Figure 1. Overview of the TRPM3 gene and location of the different variants.
(A) Exon-intron structure and alternative splicing of TRPM3. Percentages above colored exons indicate the percentage of transcripts that include the indicated exons in human cerebellar RNA-seq analyses. Exons included for numbering of the disease-associated variants are indicated in gray, blue, and green, resulting in the functional channel construct indicated in (B). Variant numbering was based on the amino acid position of the mutated residue in the NM_001366145.2 isoform. See text for more details.
Figure 1—figure supplement 1. Functional characterization of different human TRPM3 constructs.
(A–B) Three different variants of human TRPM3 (AJ505026.1 black, n=416 cells), NM_001366145.2 (dark gray, n=673), and NM_001366147.2 (light gray, n=644) were functionally characterized via Fura-2 fluorimetric experiments (N≥3 independent experiments). The TRPM3 agonist pregnenolone sulfate (PS; 40 µM) and clotrimazole (Clt; 10 µM) were applied at the indicated time periods. (B) Corresponding calcium amplitudes after stimulation by PS, Clt, and co-application of PS + Clt, represented as mean ± SEM. (C–D) NM_001366145.2 construct was further characterized via whole-cell patch-clamp experiments in HEK293T cells (N=5) after stimulation by PS (40 µM), Clt (10 µM), and co-application PS + Clt. (C) Time course of whole-cell patch clamp recording at holding of +150 mV (open circles) and –150 mV (closed circles) of HEK293T cells expressing the TRPM3 NM_001366145.2 construct. (D) Current-voltage relationship of time points indicated in panel (C).

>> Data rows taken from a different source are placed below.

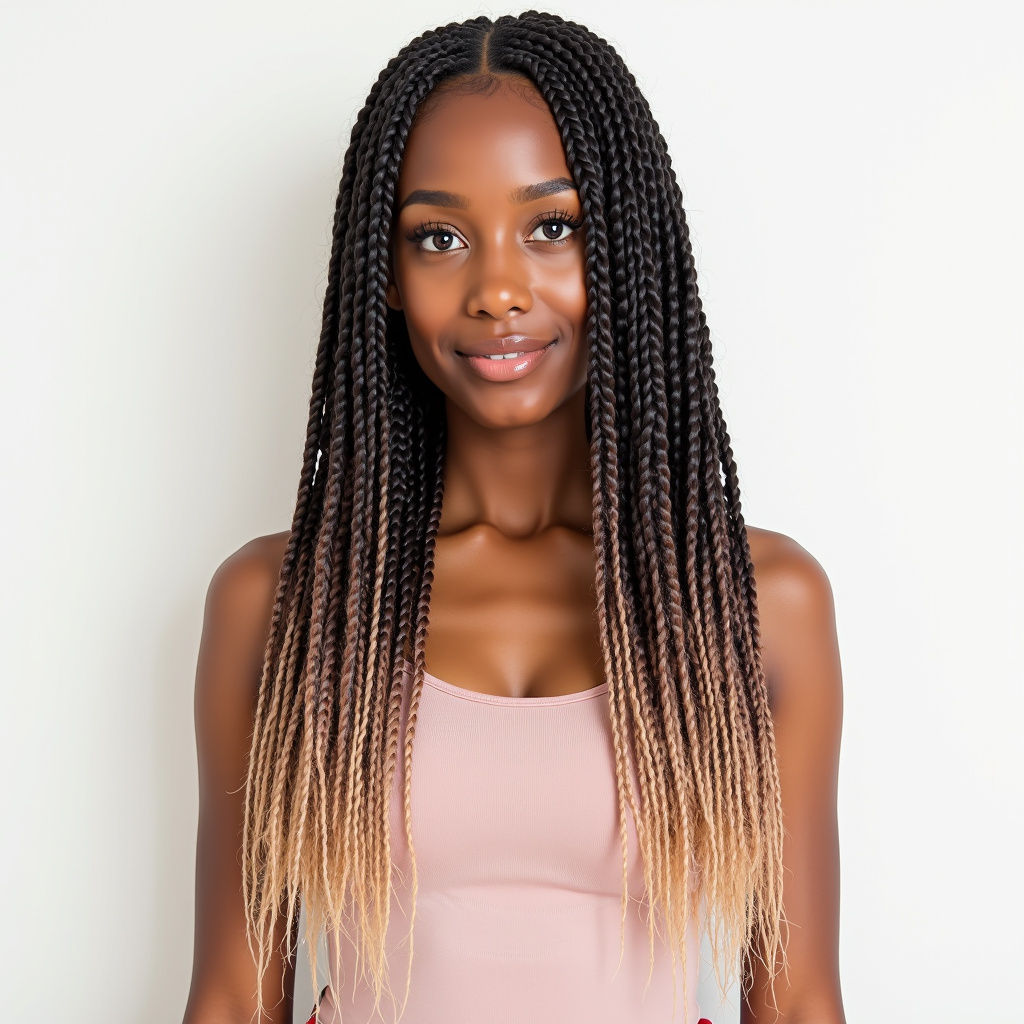 Ombre Expression Braids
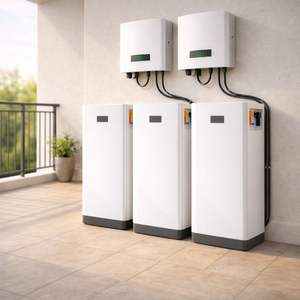 51.2V 5kWh 10kWh 15kWh <b>Home</b> Solar <b>Battery</b> <b>Backup</b> LiFePO4 Wall Mounted Optional Wheels LCD CAN RS485 - Product Image 3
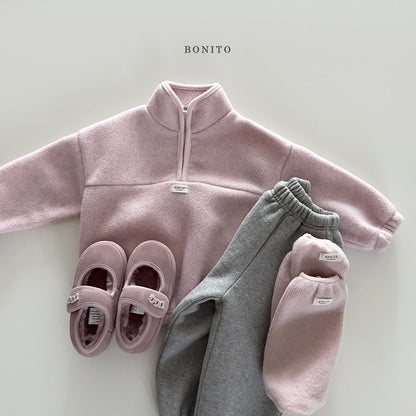 【予約】sugar half zip up  /  bonito (12M-JM)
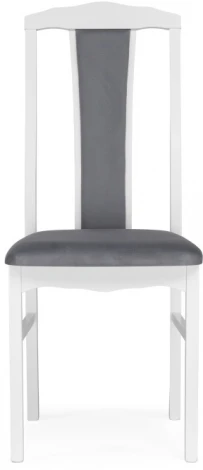 Деревянный стул Woodville Гроджин серый / белый 528932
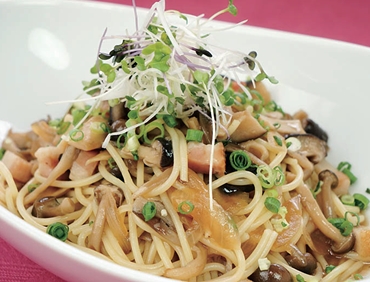 森の木の子和風パスタ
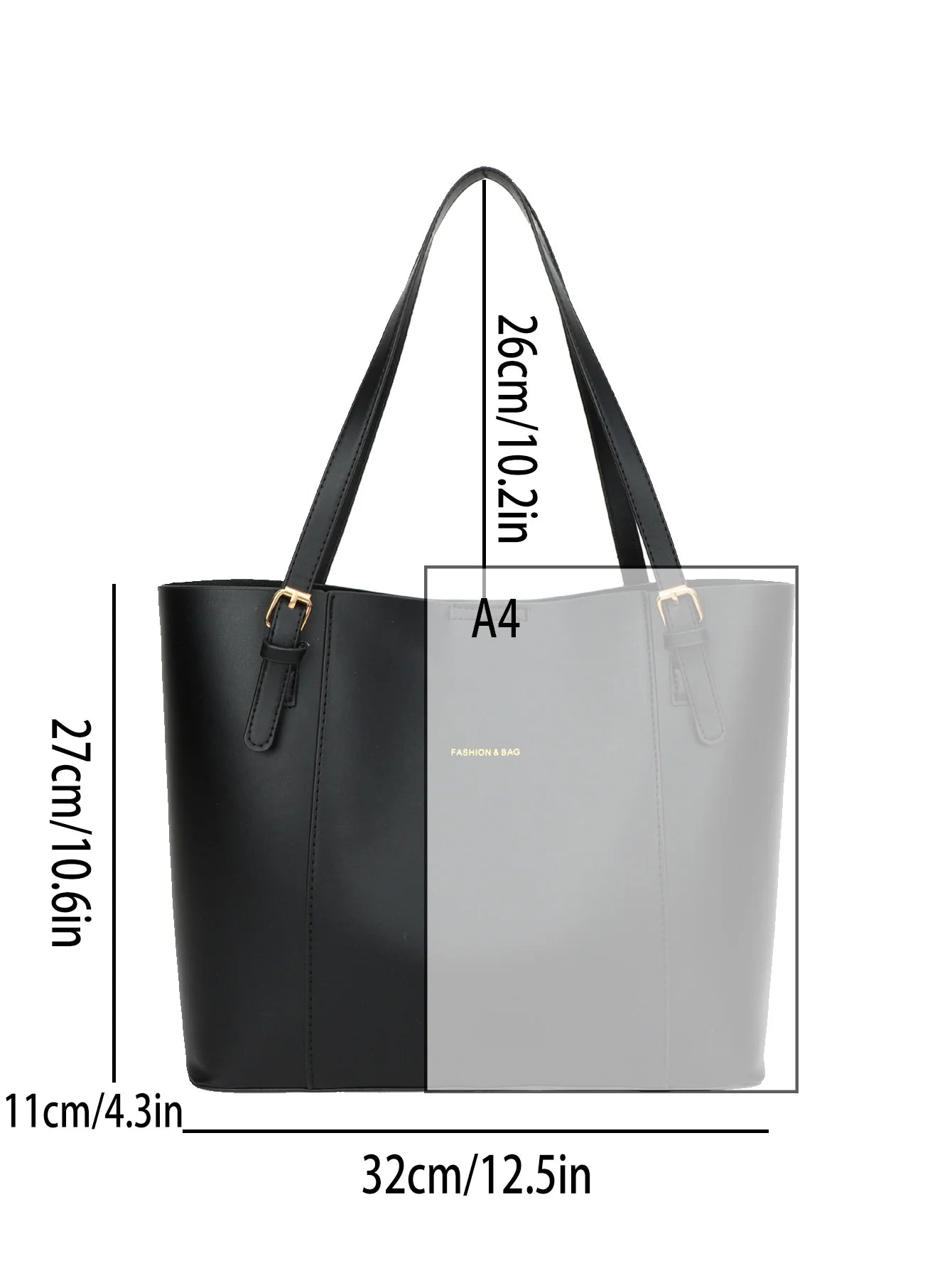 Large Capacity Shoulder Tote Bag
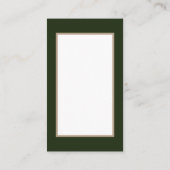 レトロのヴィンテージのクリスマスのトナカイ 名刺 (裏面)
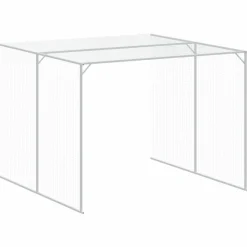 MAISON EXCLUSIVE - Niche pour chien avec cour gris clair 214x865x181 cm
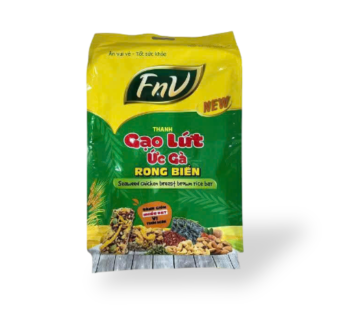 Thanh gạo lứt ức gà rong biển FNV 72g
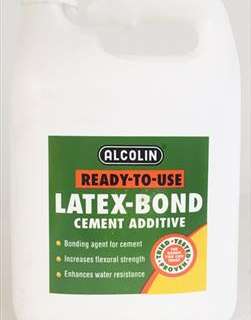 Adhesive Latex Bond Alcolin Cement/ Water Resist 5Ltr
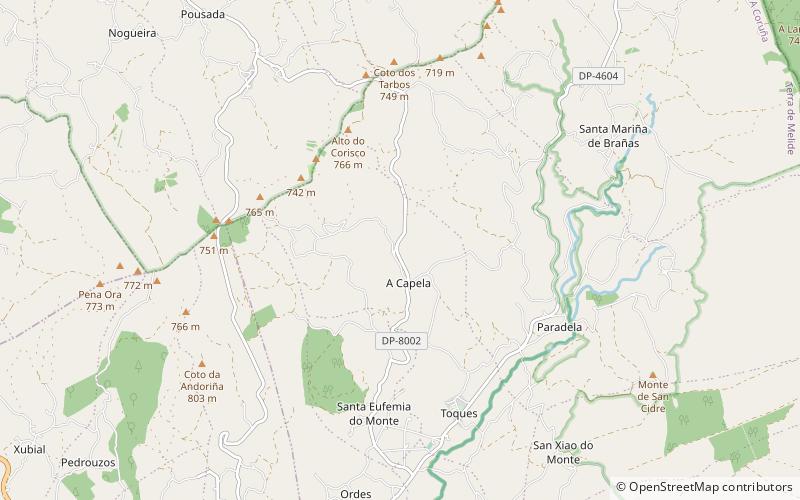 galicien location map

Figure 1—figure supplement 2. Structural model of TRPM3 based on the cryo-Electron Microscopy (EM) structure (pdb: 8DDQ).
(A–B) Structural model of TRPM3, based on the cryo-EM structure (pdb: 8DDQ), seen from the side (A) and the top (B), indicating residues that are altered in the disease-associated variants. In one of the four subunits (blue), the red circled area indicates the location of the non-resolved loop where D694 is located, close to the interaction site of Gβγ. Other affected residues are indicated in magenta and green. (C) A cluster of disease-associated residues (magenta) is localized at the interface between transmembrane domain and cytosol, whereas P1092 is located at the extracellular part of transmembrane helix S6.
Figure 1—figure supplement 3. Sequence alignment of TRPM3 with different species and different members of the transient receptor potential (TRP) melastatin (M) family.
CLUSTAL Omega (1.2.4) multiple sequence alignment was used to perform the alignment and to obtain the Phylogenetic Tree as shown on the left top. Sequence alignment at positions D614, L769, V1002, G1007, P1102, N1126, and S1133 is conserved across multiple species (A) and conserved across related members of the TRPM family (B).